If the history of technology teaches us anything, it is that the best technology does not always win. Today, the World Wide Web has become the dominant platform for transmitting knowledge across the globe. But in the years leading up to Tim Berners-Lee's world-changing invention, several pioneering information scientists were exploring a wide range of other concepts that resembled - and in some ways surpassed - the Web as we know it today. What lessons can we learn from these alternative technological visions?
In this presentation, Alex Wright will explore the heritage of these almost-forgotten systems in search of promising ideas left by the historical wayside, focusing on the pioneering work of Paul Otlet, Vannevar Bush, and Doug Engelbart; forebears of the 1960s and 1970s like Ted Nelson, Andries van Dam, and the Xerox PARC team, and more recent forays such as Brown's Intermedia system.

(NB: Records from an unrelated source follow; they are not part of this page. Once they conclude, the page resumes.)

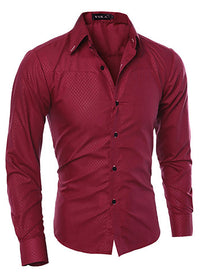 Wine red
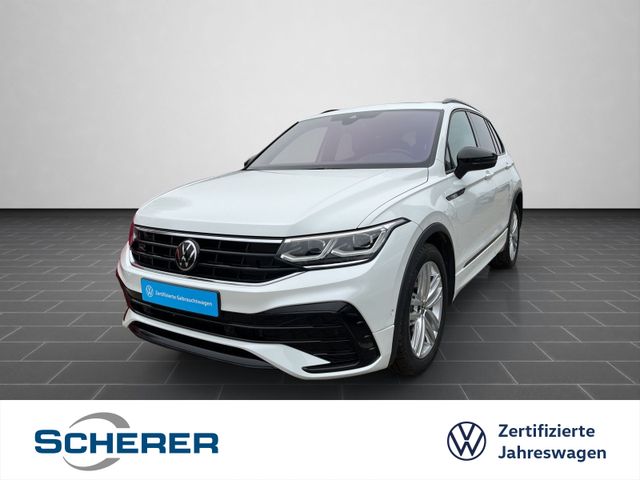 Volkswagen Tiguan 2.0 TSI DSG R-Line LED RFK NAV PANO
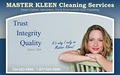 Master Kleen Cleaning Services logo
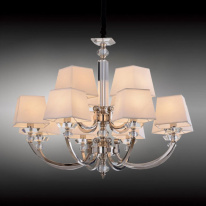 Купить Подвесная люстра Omnilux OML-86703-12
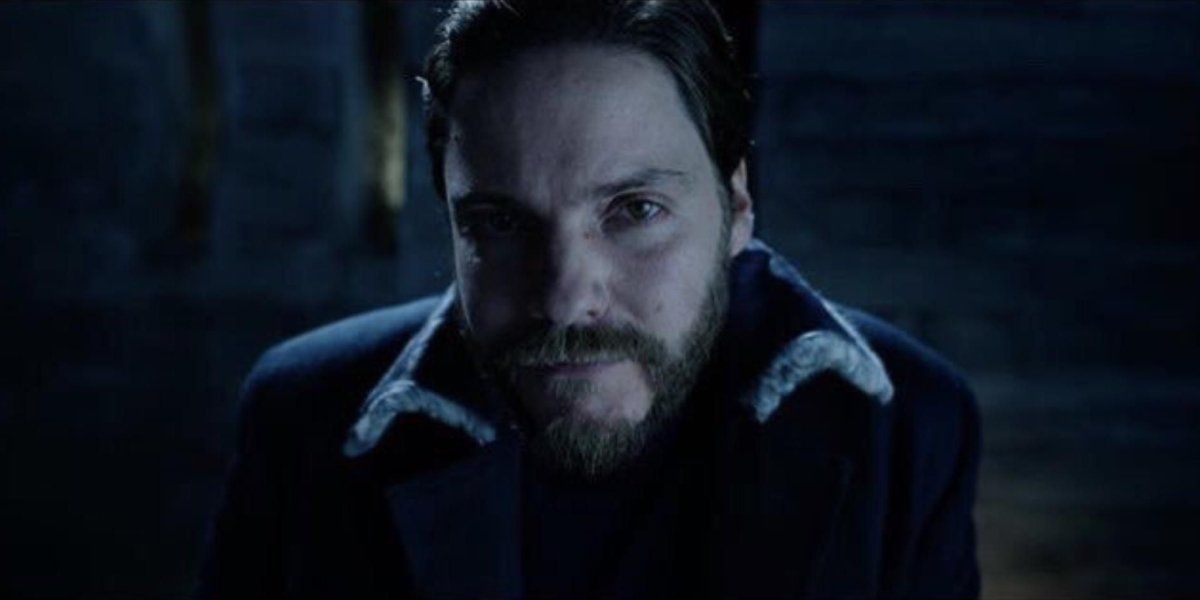 Daniel Bruhl on The Falcon and the Winter Soldier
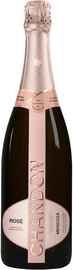 Вино игристое розовое брют «Bodegas Chandon Brut Rose» с защищенным географическим указанием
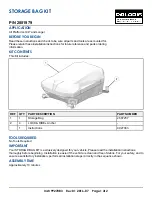 Polaris 2881979 Quick Manual preview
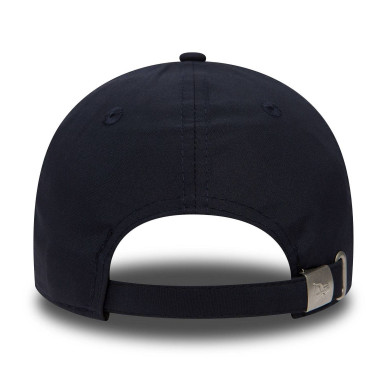 New Era Side Patch 9FORTY Cap MLB Chicago White Black
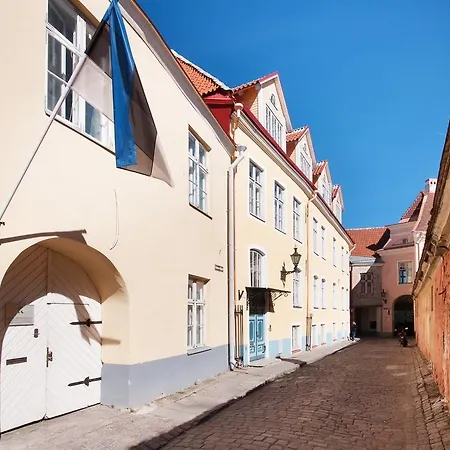 Tallinn City Apartments Old Town Toompea Room photo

He will trace the heritage of these systems and the solutions they suggest to current Web quandaries, in hopes of finding clues to the future in the recent technological past hidden by the historical wayside.
Alex Wright, a writer in residence in the Library's Allen Room, is the Director of User Experience and Product Research at The New York Times and the author of Glut: Mastering Information Through the Ages, hailed by the Los Angeles Times as "a penetrating and highly entertaining meditation on our information age and its historical roots." He is now at work on his next book, tentatively entitled The Web That Wasn't.
In addition to The New York Times, his writing has appeared in Salon.com, The Wilson Quarterly, The Christian Science Monitor, The Believer, Harvard Magazine, Utne Reader, Yankee, Think, Interactions, Boxes and Arrows, New Architect, Web Techniques, Boston Business, Design Times and Library Journal, among others.
Alex has also led research and design projects for IBM, Microsoft, The Long Now Foundation, Harvard University, the Internet Archive, and Yahoo!, among others. His work has won numerous industry awards, including a Webby, Cool Site of the Year, the PRSA Silver Anvil and an American Graphic Design Award. He is currently a faculty member at the School of Visual Arts MFA program in Interaction Design.
He holds a B.A. in English and American Literature from Brown University and an M.S. in Library and Information Science from Simmons College. He has also completed graduate coursework in journalism at Harvard, and in usability engineering at UC-Berkeley.